Silvia Magnani

Ma davvero vuoi abolire la prova scritta di italiano?

Mi capita, con frequenza crescente, di correggere articoli, capitoli di tesi o soltanto appunti scritti dai mie studenti che denunciano una incapacità estrema nell’uso della lingua scritta. Mettere in parole durevoli, questo è alla fine un testo, pensieri anche perfettamente compresi, pare un compito troppo gravoso per la maggioranza dei ragazzi.

La morte della conversazione

Mi sono chiesta, rispondendomi in modo positivo, se questa non sia una delle tante derive della morte della conversazione, sostituita dalla messaggistica, che obbliga alla riduzione della espressione dei pensieri a brevi frasi e al congelamento dei sentimenti in emoticon.

Le competenze conversazionali, che possiamo solo sviluppare nel rapporto faccia a faccia e in tempo reale con un’altra persona, allenano la mente a ricapitolare rapidamente il pensiero dell’interlocutore, a darne un giudizio e a ribattere, programmando nella mente e successivamente dando forma sonora alla migliore risposta possibile.

Per fare questo occorrono: 1. un’ottima capacità di ascolto, 2. una buona competenza logica, strumento del giudizio, 3. un’altrettanta buona capacità di formulare frasi dotate di forma sintattica corretta e, se possibile, contenenti elementi del lessico veramente pertinenti.

Ascoltare

La modalità multitasking di operare e l’utilizzo delle macchine per comunicare (il cellulare è la principale) riducono moltissimo la nostra capacità di ascoltare chi ci sta parlando. Ascoltare infatti è non solo evincere il significato letterale di ciò che ci viene detto ma interpretarne la valenza emotiva, cioè la coloritura che solo la voce, la mimica del viso e la postura sanno dare al discorso. Ascoltare senza guardare o intenti ad altro è una delle forme di ascolto avverso più diffuse e tollerate, proprio perché agite da tutti. Quanto della conoscenza dell’altro, e inevitabilmente di noi stessi, ci toglie l’incapacità di ascolto è un punto su cui vale riflettere.

Usare la logica

La pratica dell’operare logicamente ci aiuta, una volta acquisito il contenuto, di rianalizzarlo e di sottoporlo a un giudizio di credibilità e di accettabilità, così da poter rispondere ad esso rimanendo in tema, anzi sviluppandone il nucleo.
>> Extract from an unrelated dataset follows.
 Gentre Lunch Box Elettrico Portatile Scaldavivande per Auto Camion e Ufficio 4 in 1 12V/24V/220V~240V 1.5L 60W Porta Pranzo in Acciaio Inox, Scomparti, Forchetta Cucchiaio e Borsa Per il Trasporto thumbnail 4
Per far questo il principale mezzo per acquisire competenze logiche è lo studio delle tante materie ritenute nel contemporaneo inutili (in quanto non economicamente immediatamente sfruttabili). Nel mio caso è stato il greco antico, ma per altri può essere stata la storia, la filosofia, il latino. Quel bagaglio cioè delle “materie non scientifiche” che vengono sempre più messe al bando dalla scuola perché non dotate di una applicabilità occupazionale immediata.

Inutile dire che insegnare a un adolescente a piallare il legno o a decorar pareti ne fa in breve tempo un abile artigiano, ma senza l’aderenza logica a ciò che significa il proprio artigianato, senza la mente critica che ogni opera, anche della manualità più elementare, richiede le prospettive di evolvere saranno scarse.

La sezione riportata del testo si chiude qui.